The struggle to contain the violence has proven another major challenge to Thein Sein’s reformist administration, which has also faced an upsurge in fighting with ethnic Kachin rebels in the north and major protests at a northern copper mine where angry residents — emboldened by promises of freedom of expression — have come out to denounce land grabbing.
The devastation was reminiscent of last year’s clashes between ethnic Rakhine Buddhists and Muslim Rohingya that left hundreds of people dead and more than 100,000 displaced — almost all of them Muslim. The Rohingya are widely perceived as illegal migrants and foreigners from Bangladesh; the Muslim population of Meikhtila is believed to be mostly of Indian origin.
This week’s chaos began Wednesday after an argument broke out between a Muslim gold shop owner and his Buddhist customers. Once news spread that a Muslim man had killed a Buddhist monk, Buddhist mobs rampaged through a Muslim neighborhood and the situation quickly spiraled out of control.
Residents and activists said the police did little to stop the rioters or reacted too slowly, allowing the violence to escalate. “They were like scarecrows in a paddy field,” San Hlaing said.
Khin Maung Swe, a 72-year-old Muslim lawyer who said he lost all his savings, also complained authorities did nothing to disperse the mobs.
“If the military and police had showed up in force, those troublemakers would have run away,” he said, inspecting the remains of his damaged home. “There would have been no violence if the security forces had just fired shots into the air to scare them away.”

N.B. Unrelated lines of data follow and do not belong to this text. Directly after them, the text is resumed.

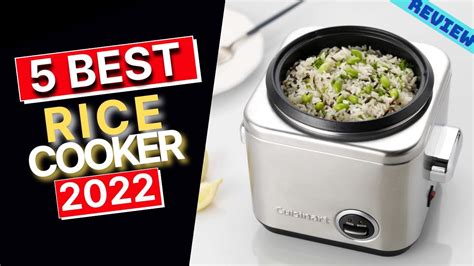 best rice cooker 2022 reviews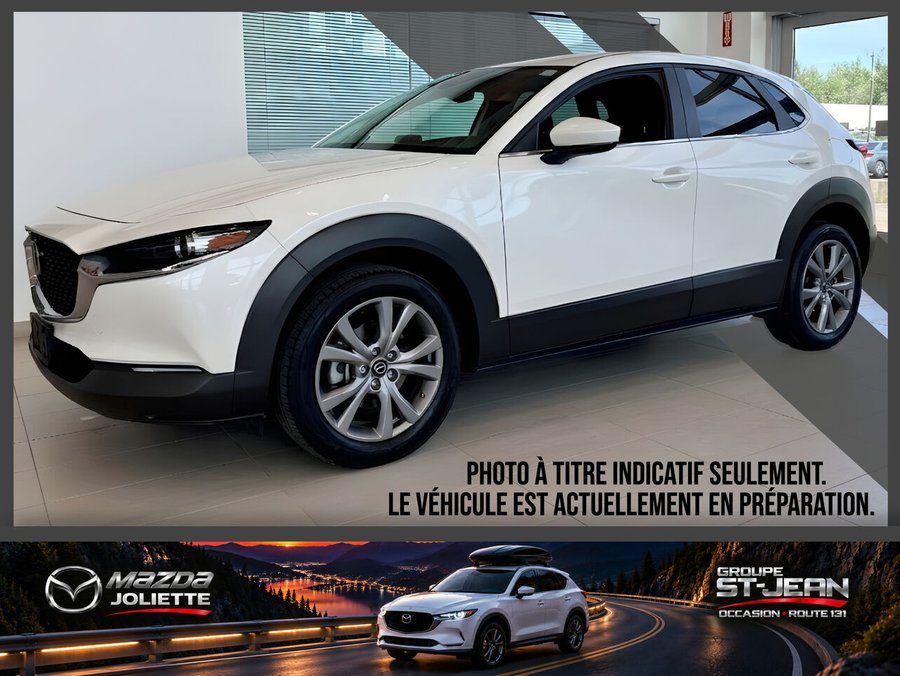 Mazda CX-30 GS TI 2021 Blanc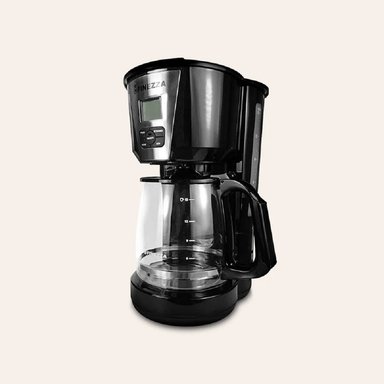 CAFETERA DIGITAL FINEZZA 1.25 L CK-668DI NEGRO - 2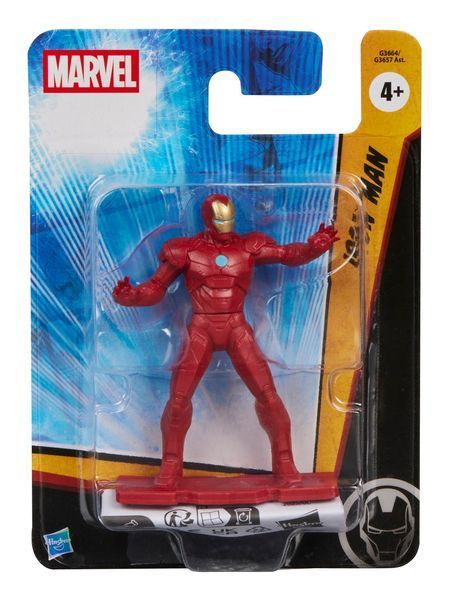 Іграшкова міні-фігурка Marvel Залізна людина з обертовою талією 6,3 см G3657-G3664 фото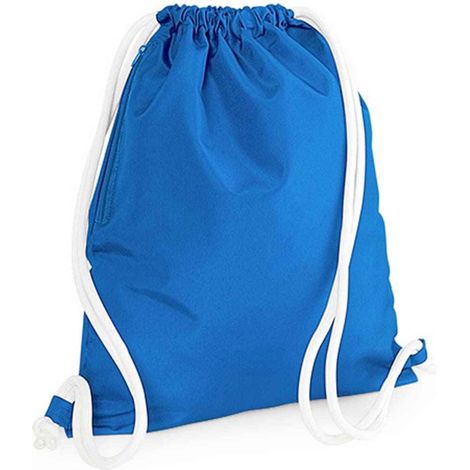 Sac à cordon Bagbase Icon Taille unique Bleu saphir (1/2)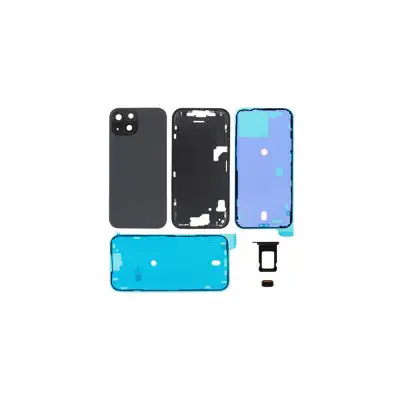 Klapka baterii (bez logo) do iPhone 15 - czarna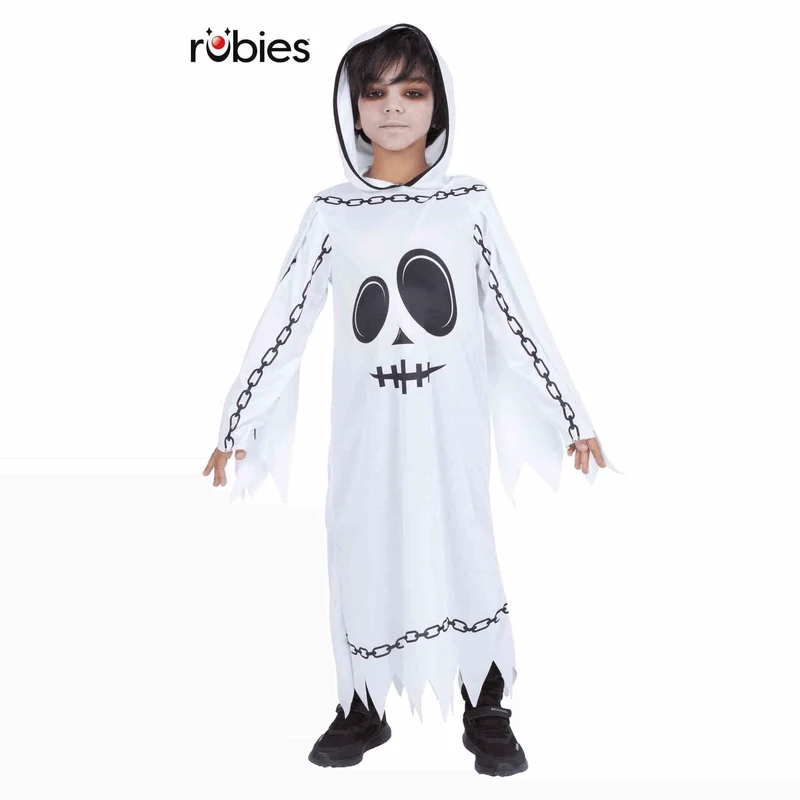 Disfraz Fantasma Encadenado 7-8 años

San Htwe, a 39-year-old housewife, said she could see police and soldiers “everywhere” in Meikhtila on Saturday but did not feel at ease. “I’m afraid that the situation will be like in Rakhine” — where sectarian tensions have split an entire state and Buddhist and Muslim communities live in near-total segregation, constantly fearing more violence.
San Htwe said her 8-year-old son was already traumatized by the riots and could barely eat. “Whenever he hears shouting, he says, in panic, ‘Mom, let’s run! The kalar are coming.” Kalar is a derogatory word for Muslims.
“I think most children here have experienced trauma,” she said. “I worry that it will remain in their minds forever.”
Residents said rescue workers and volunteers were arriving from other towns to help, and that local Buddhists were giving food and water to displaced Muslims. Some Buddhists sought shelter at local monasteries.
In Washington, State Department spokeswoman Victoria Nuland said the U.S. was deeply concerned about communal violence, loss of life and property damage in Meikhtila, and that U.S. Ambassador Derek Mitchell had raised the concerns with senior Myanmar government officials.
“We welcome and encourage the efforts of government authorities, community leaders, civil society and political party leaders to restore calm, to foster dialogue and increase tolerance in a manner that respects human rights and due process of law,” Nuland told a news briefing.
Occasional isolated violence involving Myanmar’s majority Buddhist and minority Muslim communities has occurred for decades, even under the authoritarian military governments that ruled the country from 1962 to 2011.